I need to self-criticism of Vietnamese people I rarely say "thank you". This is repeated many times, and almost a common habit of the Vietnamese, so I would tell the following story for people to think together.

  • Mr. Kim surprised with my Vietnamese classmates (they do not say thanks)

We went to class earlier than usual. The class is about to begin, everyone is writing, computer, notebook placed on the table, a person in charge of technical LCD monitor care for the screen is clear. That day we had Mr. Kim's lessons from California State University. I said that I studied Finance in the Advanced Educational Program which was established by the cooperation between National Economics University of Hanoi and California State University. That is also why I can speak English quite fluently.

Professor. Kim, get up to get water. Before leaving the door he asked:

"Do anyone want to have some drink? I will bring in ".

The class room was composed of classmates who answered yes, who did not respond in fluent English but they still spoke. However, only one of the ten answers included a "thank you".

That afternoon, Professor Kim told me:

"I was shocked and wondered why the Vietnamese did not say thank you".

In the morning, the person saying "yes" is missing "please", and the respondent "no" does not include the word "thanks".

I laughed sadly. Not all of them are, but we must admit that the above statement is true. For foreigners, when someone wants to help themselves, we should thank them immediately, regardless of whether or not to receive help. For the Vietnamese, little children are not so clearly instructed.

  • Normal polite practice in Vietnam

Let me give you two real and everyday stories, for instance:

1. Baby heard the bell immediately run out the door. Uncle Lien went to the market to hand a basket of food; the other hand took the dumplings asked Baby Hoa:

- Do you eat dumplings?

- No Uncle, I have just eaten breakfast.

To us is too polite, no need to restrain. Therefore, Hoa will not say thank you to Lien or anyone who does not receive gifts.

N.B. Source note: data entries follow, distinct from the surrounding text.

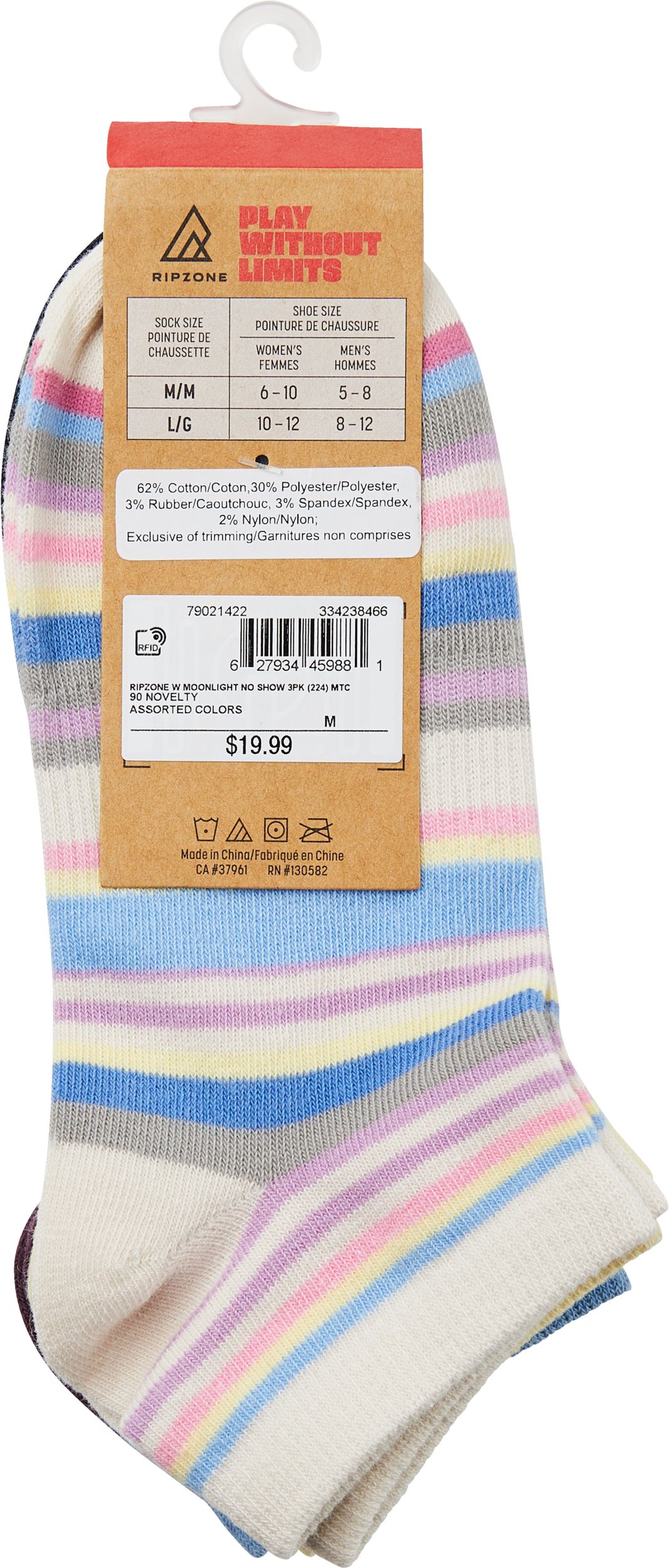 Ripzone Women's Moonlight No Show Socks - 3 pk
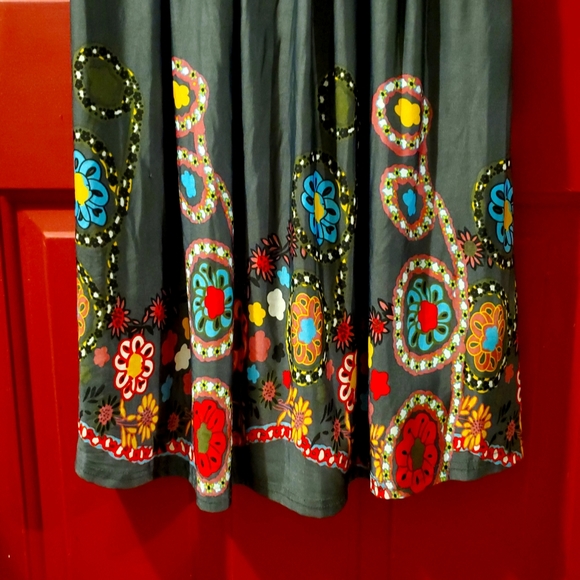 Boho fit and flare dress with pockets. Floral retro Med - Picture 7 of 10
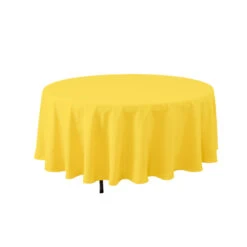 YELLOW ROUND POLYESTER TABLE COVER 108"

Because of this concept, we (Vietnamese people) are afraid to say thank you and lead to bad image in the eyes of foreigners. What can I do to help improve that image? I think that is possible.

Teach your child to say thank you at an early age, both at the time of receipt and at the time of the invitation. This is small, but I believe very important in shaping the personality of children, especially to help children avoid the attitude of ungrateful. In this beautiful world, how many parts are built with big things, how many parts are built from small ones? I think that high mountains also need high flowers; grass Long River cannot lack streams.

Writing these confidences, I just want us to contribute to the beauty of life from those small parts, it is just as much for me as most people...

By the way, thank you a lot for reading my thoughts.